3) Come up with a few new awards
In football, they have a lot of position-specific awards. Ex. The Rimington award goes to the best center, the Biletnikoff goes to the best wide receiver, etc… You can't directly copy that in wrestling because it's a 1-on-1 sport but there are some angles you could take from it.
Why not have three lower-tier awards under the Hodge that group weight classes? The best wrestler in the country from 125-141 gets an award called the "John Smith", the best from 149-174 gets the "Jordan Burroughs", best 184-HWT gets the "Cael Sanderson". Again, I think the Hodge is perfect. Don't mess with it, but this is one angle to add some.
The other angle to add a "position" award could be the best wrestler by the various positions in a wrestling. Award for best offensive wrestler from their feet, an award for the best counter wrestler from their feet, best scrambler, best from bottom, best from top. Those could all be associated with great wrestlers from those various positions.

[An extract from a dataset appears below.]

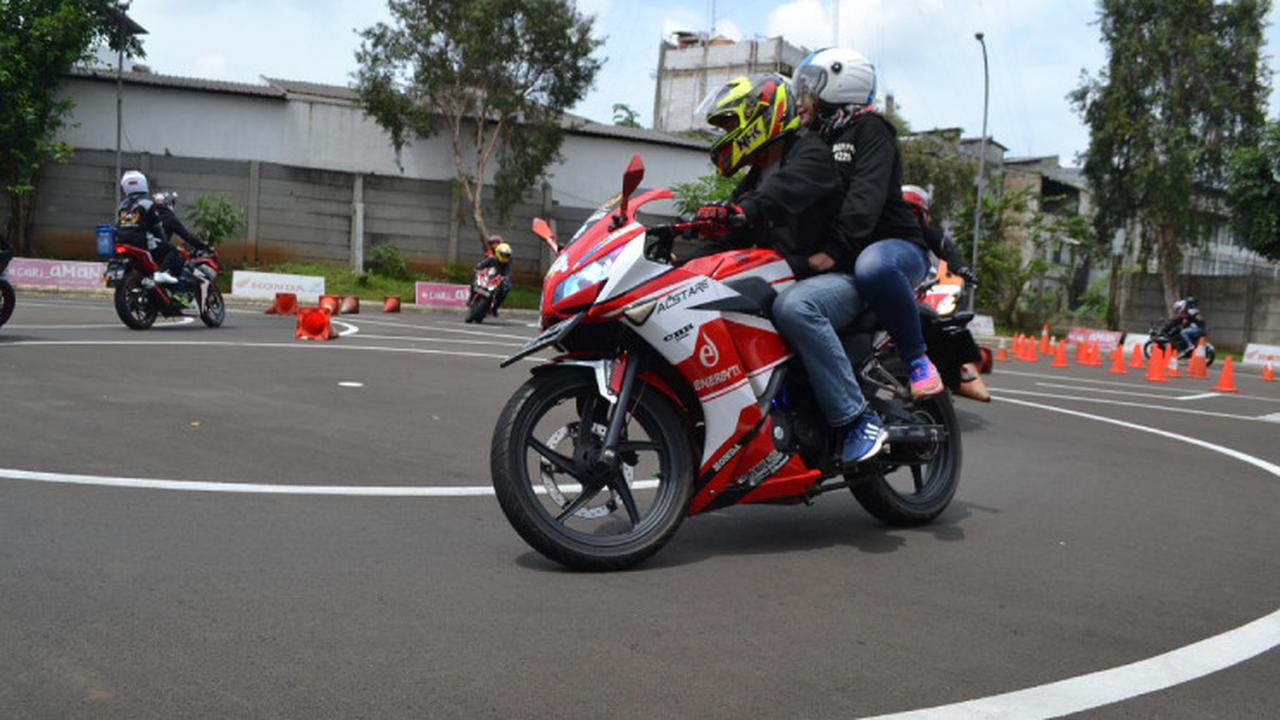 Pentingnya Memahami Safety Riding dalam Berkendara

4) Get wrestling media involved
Determining some of these hypothetical awards would be a difficult task. Some of it is numbers, some of it is competition, and some of it is perception. The solution? Do exactly what they do in football and have the media decide with a vote. Use the NWMA or a similar entity that as a baseline along with others to vote to determine the awards. You could even have a fan vote as a piece of it.
5) Get sponsorships
As annoying as some of the excessive sponsorships in sports can be, I actually think wrestling should do a lot more ideas like this to monetize itself as other sports have. Ex. The "Ed Gallagher Coach of the Year Award Presented by Intermat". InterMat wins by getting their name associated with an award, and their sponsorship pays for the trophy for the athlete.
There are more pieces to this but as a rough outline, this feels like an opportunity for the sport. I'm not a huge fan of some of the situations in wrestling that dilute some of the prestige of awards in wrestling as we've seen with the excess of tournaments at the youth levels calling all of their athletes "All-Americans". But these somewhat indiscriminate awards that stir debate in sports get fans talking, they get media talking, and they get schools and administrators talking when their athletes and coaches win the awards. And that's something wrestling always needs more of.